So I ran this code really just to confirm that my guess of 50% would be correct. However, I saw something which kind of jogged my memory. The average number of wrongfully seated passengers out of 100 was 5.19. This was the average number of traffic jams with 100 cars from two weeks ago! (The exclamation point at the end of the last sentence might be the nerdiest exclamation point ever.) It turns out that the number of wrongfully seated passengers follows a Harmonic Series.

What this means is that the odds of anyone getting a wrong seat follows this pattern, starting from the last passenger to board: 1/2 + 1/3 + 1/4 + … You can see from the output that the chances of each passenger not getting their seat is indeed following that pattern, with a little Monte Carlo variance thrown in.

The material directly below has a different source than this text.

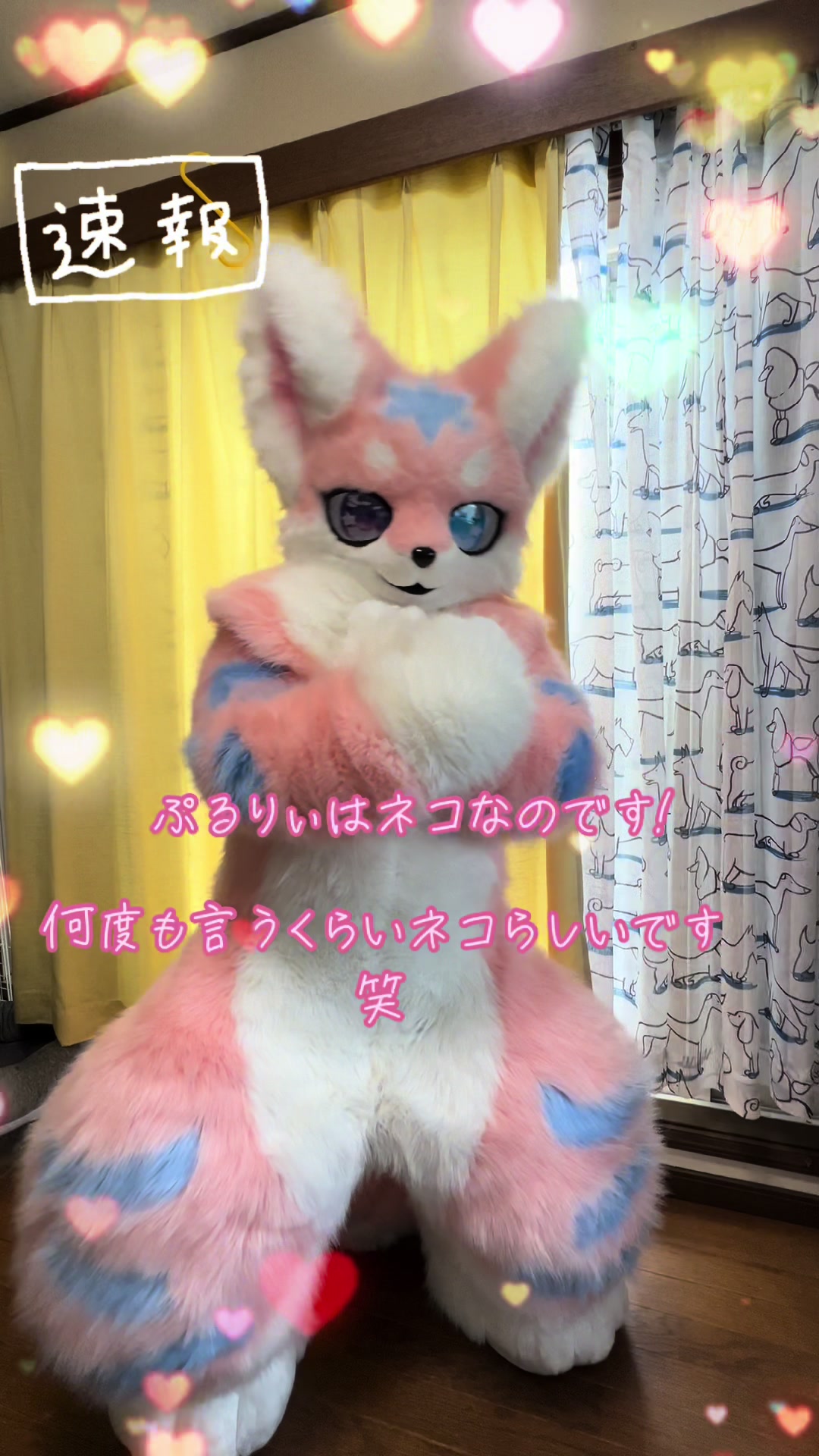 @はてなむじな。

“But wait,” you say, probably not, but let’s pretend you do, “a Harmonic Series starts with one and you don’t have a one in there.” Oh but I do. But it comes at the end. Remember that in our simulation, Worst Person Alive boards first and therefore has a 99/100 chance of sitting in the wrong seat. The next person to board, let’s call him Rando Paul, has a 1/100 chance of finding WPA in  his seat. 99/100 + 1/100 = 1. The next person then has a 1/99 chance and on down to 1/2 for the last passenger. So the average number of wrongly seated passengers for N passengers with the Worst Person Alive seating first boils down to 1 + 1/2 + 1/3 + … + 1 / (N – 1).

Traffic jams and airline travel: unexpected sources of harmony. Thanks for reading!

## Follow up to Duck vs. Dog

Okay, well, my luck has officially run out. I was definitely, most certainly wrong wrong wrong about how much faster the dog could travel and still allow the duck to escape. Thanks once again to commenters Alex Mahdavi and Lego Haryanto who found the right answer. Alex pointed me to this DataGenetics blog post from a few years ago that answered the question with a monster and a rower in a boat. As I suspected the answer was more mathy than my simulation could handle, although a lot of it was algebra and trig, with a bit of calculus.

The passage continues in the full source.